/mob/living/player
name = "player"
/mob/living/player/proc/updateUserData()
//stub
return
/obj/wand
var/mob/living/player/owner
/datum/spell/fireball
var/obj/wand/spellcaster
/datum/spell/fireball/proc/Attack()
var/mob/player/O = spellcaster.owner
O.health += 15
O.xp += 50
O.updateUserData()
O.startGlowing()
After wizard NPCs were added who have wands and are able to cast spells, so a refactor was in order and "/obj/wand/var/owner" was retyped from "mob/alive/player" to "mob/alive" as NPCs are not players. However, due to size of the codebase, the coder who did the refactor did not notice the fireball spell casting the owner as a player and attempting to call updateUserData(). Due to BYOND blindly accepting typecasts, the refactored code would still compile and work normally, but a runtime would occur when the NPC wizard would attempt to fire a fireball.
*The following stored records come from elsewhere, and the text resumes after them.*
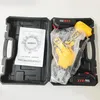 Scie sabre sans fil puissante, 3 500 tr/min, scie sabre Voir les images du produit 15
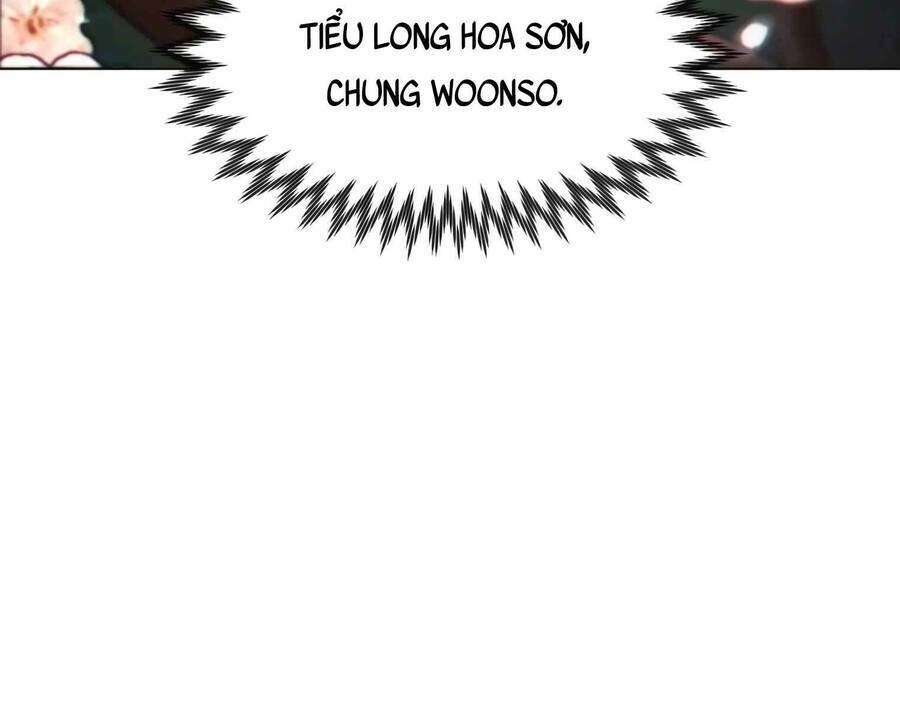 Chuyển Sinh Vào Thế Giới Võ Lâm - Chapter 16 - Page 100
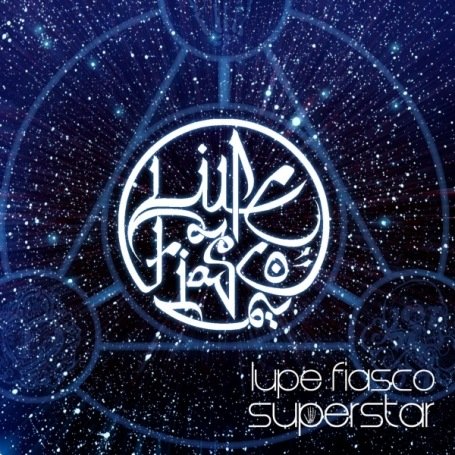 CD-Charts  Music : Superstar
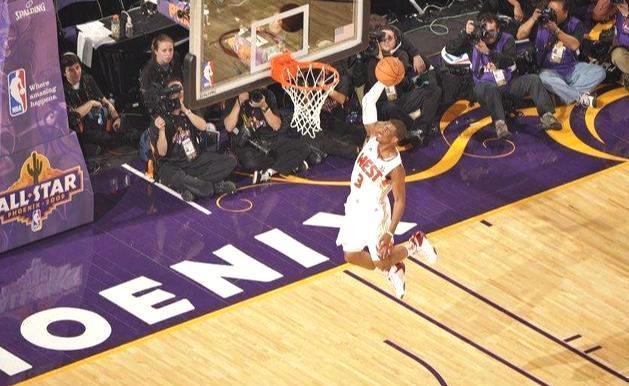 nba赛季扣篮最多的人_nba扣篮大赛最精彩一届_nba赛季扣篮数
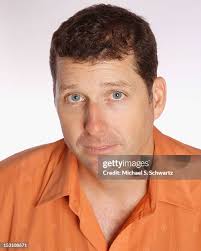 Comedian Bryan Erwin performs during his appearance at The Ice House...  News Photo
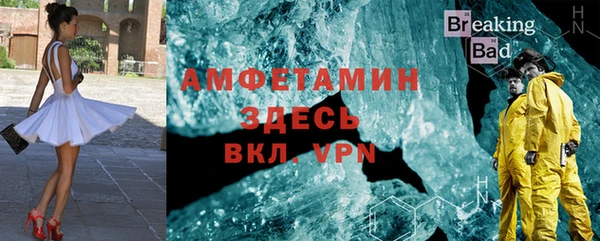 дживик Верхний Тагил
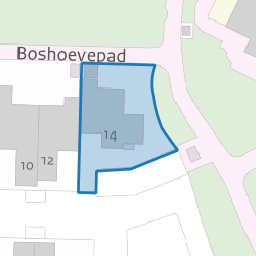 Perceel AML01-I-4675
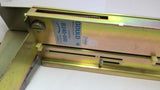 Gould B240-000 Wiring Duct Housing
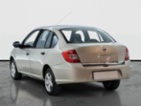 Renault Thalia, 1.2 16V, po STK, Klima, jezdí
Here comes in the auto keyword.
In declaration/initialization shorthand expressions only (ie: var/type/name = value). You would be able to replace type by "auto" and the variable would inherit the type of the initial value. Let's revisit the code example but with the "auto" keyword:
/mob/living/player
name = "player"
/mob/living/player/proc/updateUserData()
//stub
return
/obj/wand
var/mob/living/player/owner
/datum/spell/fireball
var/obj/wand/spellcaster
/datum/spell/fireball/proc/Attack()
var/auto/O = spellcaster.owner
O.health += 15
O.xp += 50
O.updateUserData()
O.startGlowing()
Now when "/obj/wand/var/owner" is retyped to "mob/living". var/O in Attack() would change from being a mob/living/player and inherit the new type of spellcaster.owner which is mob/living. And because updateUserData() exists on mob/living/player and not mob/living. BYOND would refuse to compile and instead throw an undefined var compile error. Avoiding the hard to find runtime error.